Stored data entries

════════

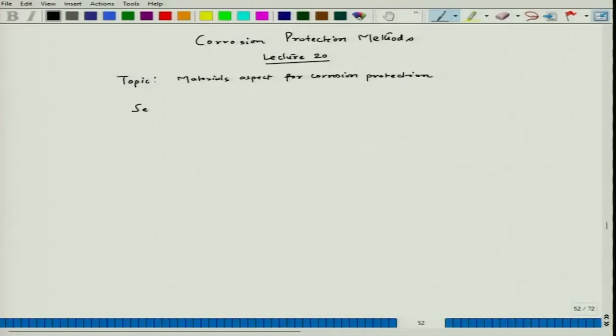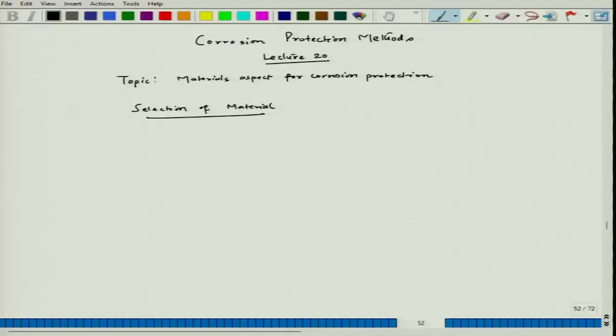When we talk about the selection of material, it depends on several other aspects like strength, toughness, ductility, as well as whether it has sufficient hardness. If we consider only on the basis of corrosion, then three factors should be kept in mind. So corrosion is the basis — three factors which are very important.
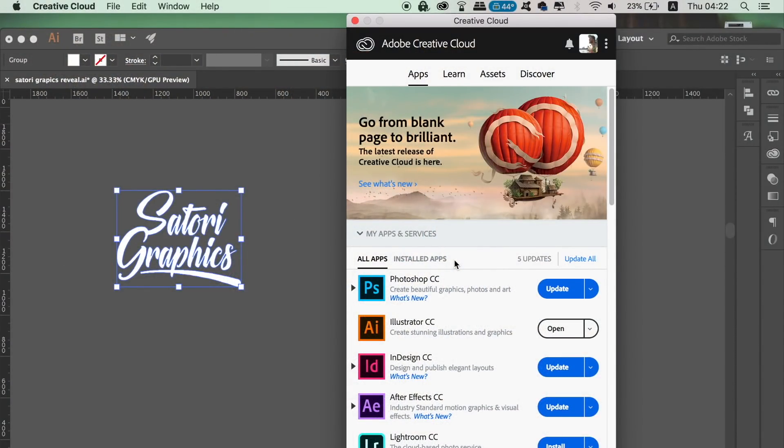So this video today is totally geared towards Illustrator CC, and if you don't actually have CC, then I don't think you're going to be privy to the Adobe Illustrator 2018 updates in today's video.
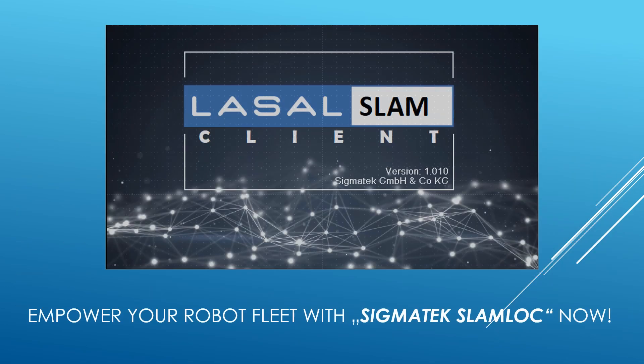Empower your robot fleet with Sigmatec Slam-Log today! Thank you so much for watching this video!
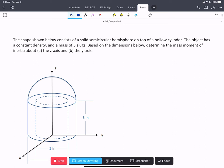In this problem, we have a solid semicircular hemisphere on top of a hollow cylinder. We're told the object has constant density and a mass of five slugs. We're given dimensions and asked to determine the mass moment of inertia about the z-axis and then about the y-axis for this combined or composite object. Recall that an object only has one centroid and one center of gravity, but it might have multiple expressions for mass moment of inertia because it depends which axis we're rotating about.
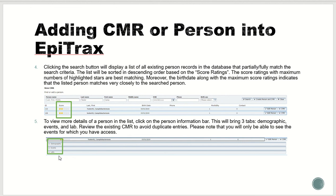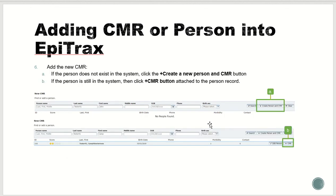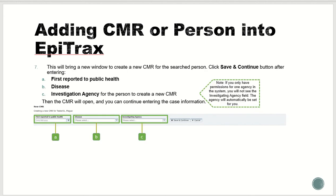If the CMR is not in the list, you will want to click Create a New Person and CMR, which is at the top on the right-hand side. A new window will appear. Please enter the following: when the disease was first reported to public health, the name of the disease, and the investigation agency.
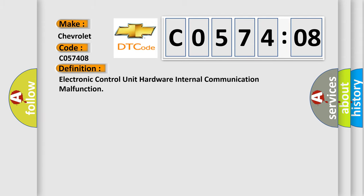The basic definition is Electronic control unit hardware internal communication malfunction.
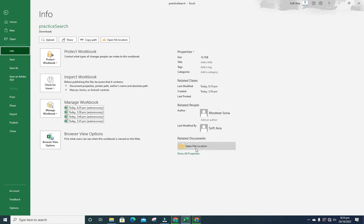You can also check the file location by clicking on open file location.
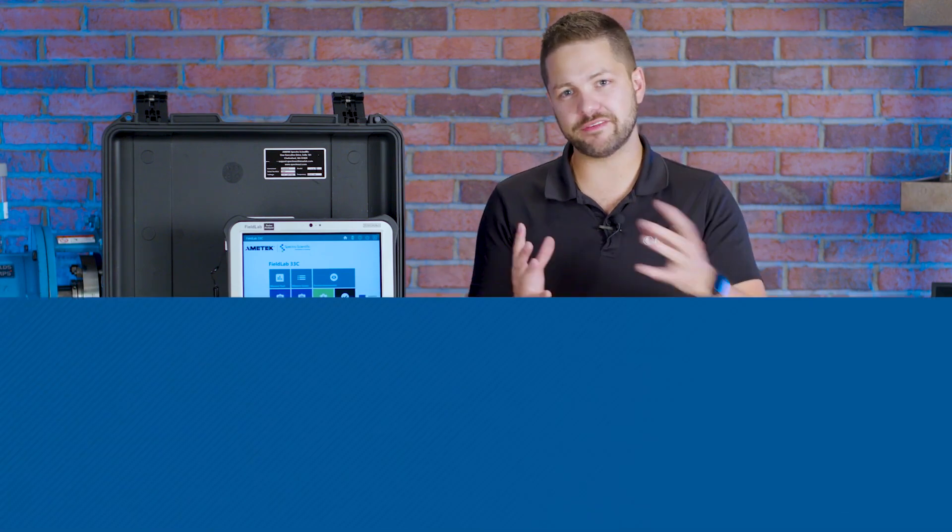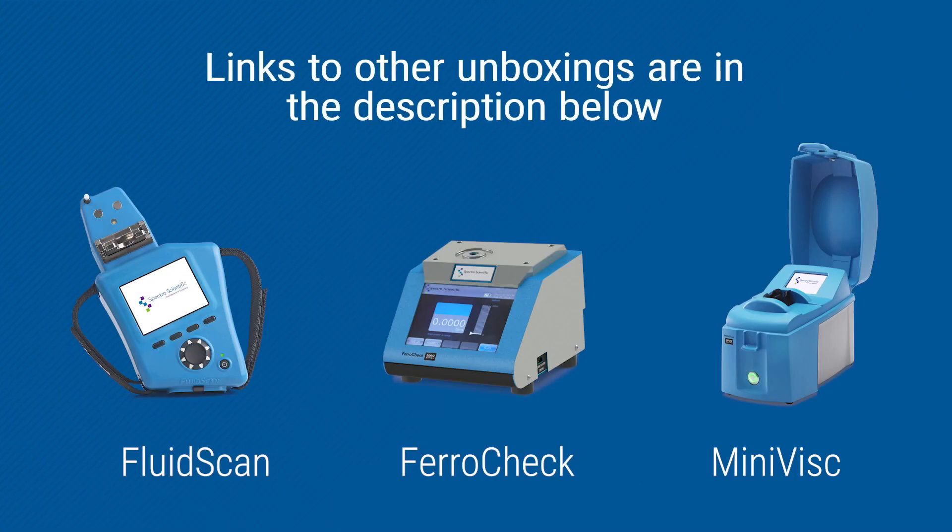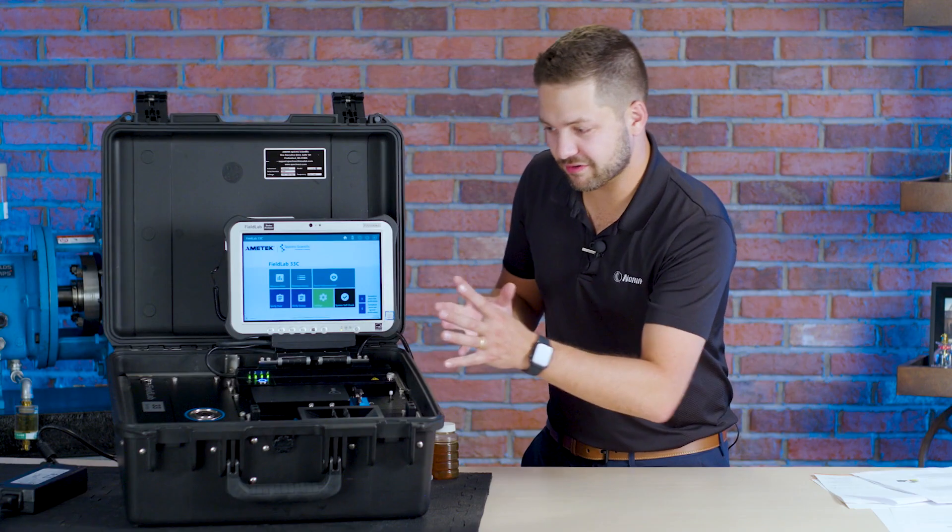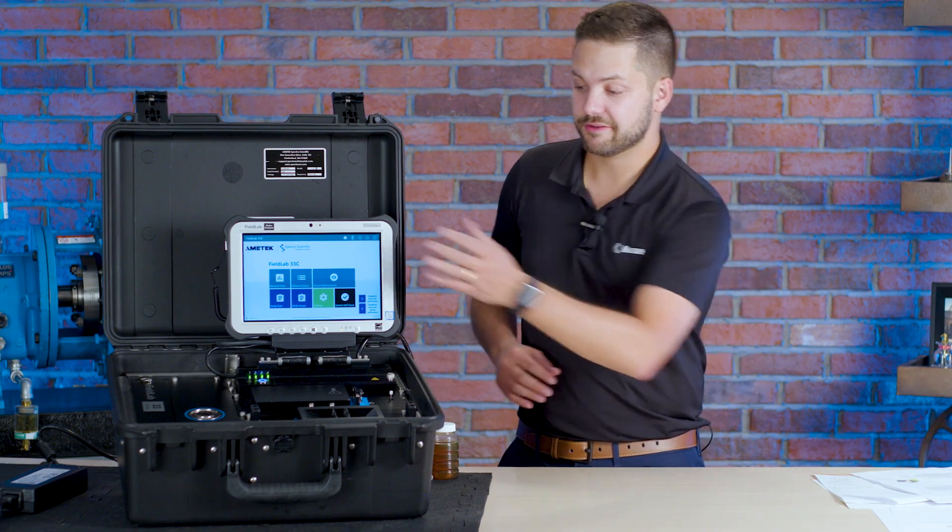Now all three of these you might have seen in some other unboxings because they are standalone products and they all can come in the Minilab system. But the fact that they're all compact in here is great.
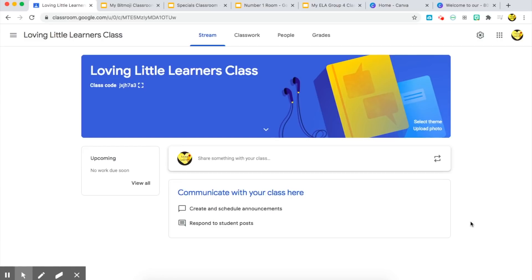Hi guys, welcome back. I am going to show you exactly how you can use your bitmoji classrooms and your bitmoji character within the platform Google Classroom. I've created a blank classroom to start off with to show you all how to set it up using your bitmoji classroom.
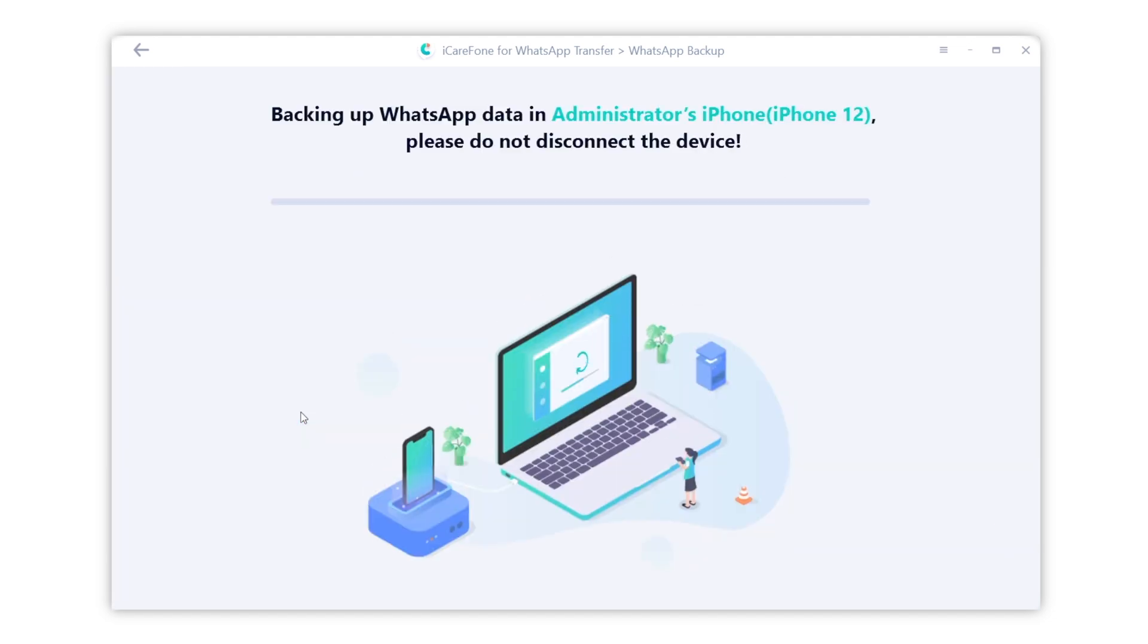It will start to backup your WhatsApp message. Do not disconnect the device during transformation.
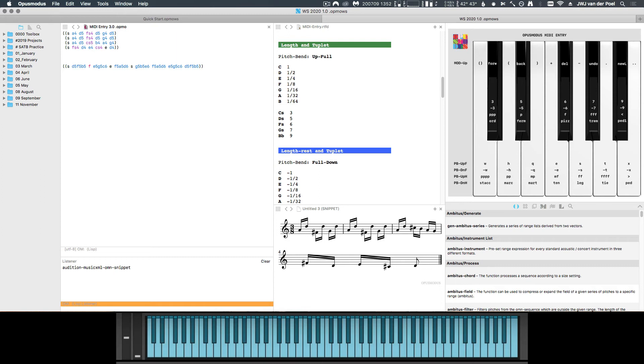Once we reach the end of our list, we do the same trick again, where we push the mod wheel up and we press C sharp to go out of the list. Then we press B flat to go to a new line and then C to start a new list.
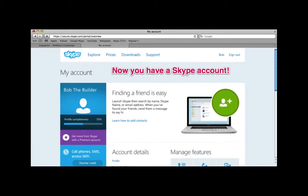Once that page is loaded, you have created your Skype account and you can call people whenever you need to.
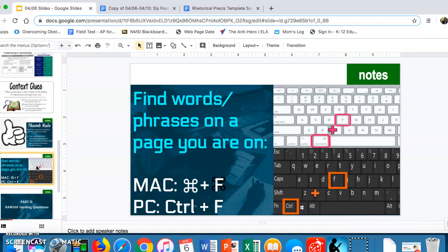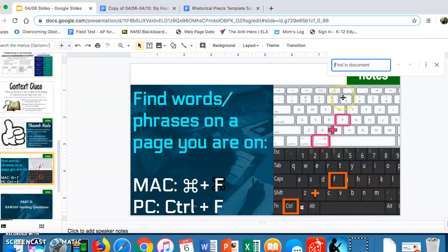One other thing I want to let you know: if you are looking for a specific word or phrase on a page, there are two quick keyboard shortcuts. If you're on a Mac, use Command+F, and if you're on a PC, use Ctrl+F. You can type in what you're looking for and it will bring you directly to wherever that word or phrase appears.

════════

#### Work required:
For each record above, write out every line exactly and skip the pictures.

#### Output of the exercise:
When we talk about the selection of material, it depends on several other aspects like strength, toughness, ductility, as well as whether it has sufficient hardness. If we consider only on the basis of corrosion, then three factors should be kept in mind. So corrosion is the basis — three factors which are very important.
So this video today is totally geared towards Illustrator CC, and if you don't actually have CC, then I don't think you're going to be privy to the Adobe Illustrator 2018 updates in today's video.
Empower your robot fleet with Sigmatec Slam-Log today! Thank you so much for watching this video!
In this problem, we have a solid semicircular hemisphere on top of a hollow cylinder. We're told the object has constant density and a mass of five slugs. We're given dimensions and asked to determine the mass moment of inertia about the z-axis and then about the y-axis for this combined or composite object. Recall that an object only has one centroid and one center of gravity, but it might have multiple expressions for mass moment of inertia because it depends which axis we're rotating about.
If the CMR is not in the list, you will want to click Create a New Person and CMR, which is at the top on the right-hand side. A new window will appear. Please enter the following: when the disease was first reported to public health, the name of the disease, and the investigation agency.
The basic definition is Electronic control unit hardware internal communication malfunction.
You can also check the file location by clicking on open file location.
Now all three of these you might have seen in some other unboxings because they are standalone products and they all can come in the Minilab system. But the fact that they're all compact in here is great.
Hi guys, welcome back. I am going to show you exactly how you can use your bitmoji classrooms and your bitmoji character within the platform Google Classroom. I've created a blank classroom to start off with to show you all how to set it up using your bitmoji classroom.
It will start to backup your WhatsApp message. Do not disconnect the device during transformation.
Once we reach the end of our list, we do the same trick again, where we push the mod wheel up and we press C sharp to go out of the list. Then we press B flat to go to a new line and then C to start a new list.
Once that page is loaded, you have created your Skype account and you can call people whenever you need to.
One other thing I want to let you know: if you are looking for a specific word or phrase on a page, there are two quick keyboard shortcuts. If you're on a Mac, use Command+F, and if you're on a PC, use Ctrl+F. You can type in what you're looking for and it will bring you directly to wherever that word or phrase appears.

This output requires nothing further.